Sur l’eau, Matthieu Androdias et Hugo Boucheron sont partis vite et passent en tête aux 500 des 2000 mètres qu’ils doivent parcourir. « On gicle fort. Mais derrière, je fais une énorme erreur qui nous ramène dans le paquet, raconte le premier. J’arrive pas vraiment à sortir ma palette (NDLR : le bout de la rame), elle reste dans l’eau. Ça nous casse le rythme.» Ça permet surtout aux rivaux des Bleus de revenir dans le coup, puis de les dépasser. A mi-course, la France pointe en troisième position avec 29 centièmes de retard sur la Chine et 12 sur les Pays-Bas.
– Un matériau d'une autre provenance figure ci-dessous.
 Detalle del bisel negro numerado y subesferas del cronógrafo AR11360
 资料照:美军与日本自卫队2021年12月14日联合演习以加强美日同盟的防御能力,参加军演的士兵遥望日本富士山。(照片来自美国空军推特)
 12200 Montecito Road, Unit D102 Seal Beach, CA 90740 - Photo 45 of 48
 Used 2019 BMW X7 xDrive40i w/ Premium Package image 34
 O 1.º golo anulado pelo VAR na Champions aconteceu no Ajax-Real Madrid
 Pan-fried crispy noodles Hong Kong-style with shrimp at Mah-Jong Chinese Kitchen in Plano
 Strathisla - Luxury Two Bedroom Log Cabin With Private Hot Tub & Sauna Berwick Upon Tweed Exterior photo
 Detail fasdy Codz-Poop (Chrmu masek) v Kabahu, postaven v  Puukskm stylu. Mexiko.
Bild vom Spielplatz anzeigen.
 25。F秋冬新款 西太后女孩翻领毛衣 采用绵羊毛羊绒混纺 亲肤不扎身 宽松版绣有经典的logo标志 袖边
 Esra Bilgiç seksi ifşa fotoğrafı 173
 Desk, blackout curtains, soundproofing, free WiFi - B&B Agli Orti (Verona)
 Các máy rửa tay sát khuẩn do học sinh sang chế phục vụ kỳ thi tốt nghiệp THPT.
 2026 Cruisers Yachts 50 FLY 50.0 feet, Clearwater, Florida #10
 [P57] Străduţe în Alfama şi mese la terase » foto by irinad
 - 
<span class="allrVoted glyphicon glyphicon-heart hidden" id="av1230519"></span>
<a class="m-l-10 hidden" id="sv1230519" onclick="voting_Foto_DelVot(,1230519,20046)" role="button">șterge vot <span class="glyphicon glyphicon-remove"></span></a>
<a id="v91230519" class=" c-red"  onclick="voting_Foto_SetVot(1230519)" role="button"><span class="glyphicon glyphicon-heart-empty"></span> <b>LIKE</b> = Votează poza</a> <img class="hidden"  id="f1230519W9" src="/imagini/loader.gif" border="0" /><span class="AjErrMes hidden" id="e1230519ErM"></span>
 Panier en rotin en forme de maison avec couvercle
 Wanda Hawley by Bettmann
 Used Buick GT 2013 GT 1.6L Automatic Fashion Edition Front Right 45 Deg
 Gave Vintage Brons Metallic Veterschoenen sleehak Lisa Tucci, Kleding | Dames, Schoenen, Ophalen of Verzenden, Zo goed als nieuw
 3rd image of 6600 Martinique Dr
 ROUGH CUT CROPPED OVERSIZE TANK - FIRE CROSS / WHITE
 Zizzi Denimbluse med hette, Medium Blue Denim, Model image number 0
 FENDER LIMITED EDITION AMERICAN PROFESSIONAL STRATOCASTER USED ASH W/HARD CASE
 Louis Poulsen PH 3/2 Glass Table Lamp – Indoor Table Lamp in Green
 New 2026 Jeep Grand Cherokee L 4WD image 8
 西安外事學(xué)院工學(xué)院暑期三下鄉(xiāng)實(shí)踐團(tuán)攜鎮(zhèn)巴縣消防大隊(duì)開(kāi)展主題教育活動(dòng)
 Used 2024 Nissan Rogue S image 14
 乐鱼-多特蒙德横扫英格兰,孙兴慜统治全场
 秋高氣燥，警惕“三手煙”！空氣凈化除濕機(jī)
Au poste commentateur de France Télévisions, le dernier champion olympique français de la spécialité Adrien Hardy, en 2004 à Athènes, reste optimiste. « Les Néerlandais nous avaient montré sur toutes les courses éliminatoires que sur le troisième 500, celui où la fatigue commence vraiment à s’installer, ils arrivaient à avoir une glisse vraiment efficace et ils faisaient l’écart par rapport à tous les concurrents pour être tranquille ensuite, lâche-t-il. Les Français étaient prévenus, ils ont su répondre à leur attaque et limiter l’hémorragie. »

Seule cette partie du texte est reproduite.